I found this link. Since my friend Alanna might make my, "I lived with three skinheads and all I got was this lousy T-shirt" shirt (thanks Mike H. for the idea), I was looking at cafeshops.com to see what else is out there. I found this. Kina disturbing. I know I would have bought it in my day of debating, and let me tell you that, that day lasted, oh about 10 years or so, but now it just scares me. I think the most disturbing T-shirt is the Debate Princess one with the scrolling letters and little crown. I know no self respecting male or female debater that would ever wear that, not even as a joke for a short period of time.
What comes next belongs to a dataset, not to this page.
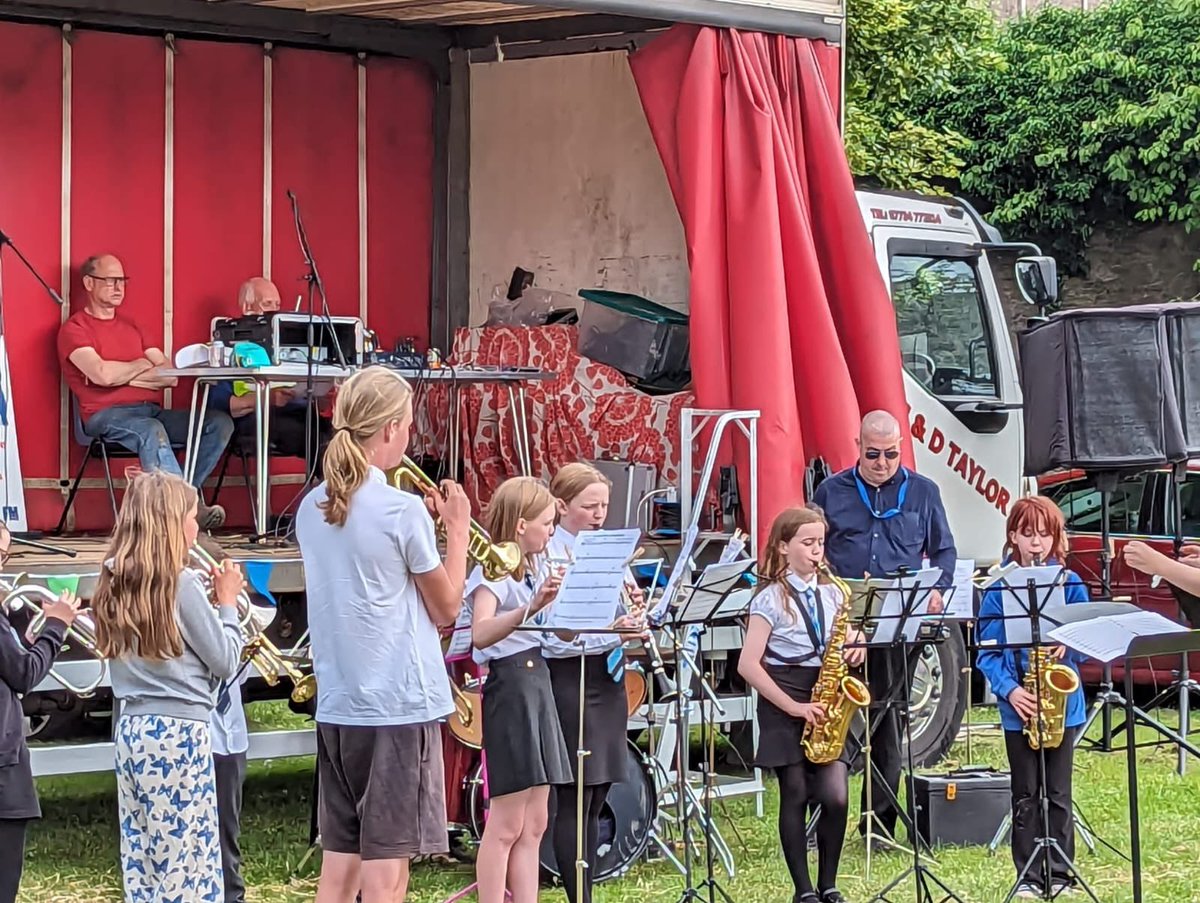 The Junior string orchestra, wind band and Guitar groups from our recent band weekend had another opportunity to perform at the Forfar Gala.  <a href="/monstrings/">Monifieth Strings 🎻</a> <a href="/MusicMontrose/">Montrose Music</a> <a href="/AngusWoodwind/">Angus Woodwind</a> <a href="/AngusPercussion/">AngusYouthPercussion</a> <a href="/AngusCouncil/">Angus Council</a> <a href="/Forfarkirriemu1/">Forfarkirriemusic</a>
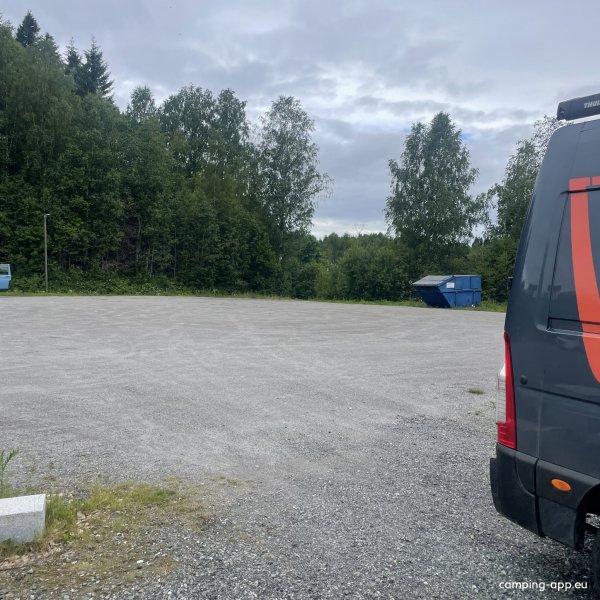 Jevnaker bobilparkering — Photo 4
I really wonder if that sells, and if it does, I want to meet the girl that bought it in all seriousness, thinking it was cute and great becuase she was a debater. There's just a certain amount of jadedness, cynicism that you find in debaters, especially the good girl ones. Debate Princess, my god.
Either some dorky debater has a good sense of humour (not very likely) and a good sense of business (debate is a huge industry, how many tubs have been sold to debaters alone?) or someone with a good sense of humour and business accumen who is not a debater made these shirts. The former is just unlikely and the latter, who's hanging around debaters who isn't a dork themselves? Makes me wonder.

Hugo, why don't you come and help me work?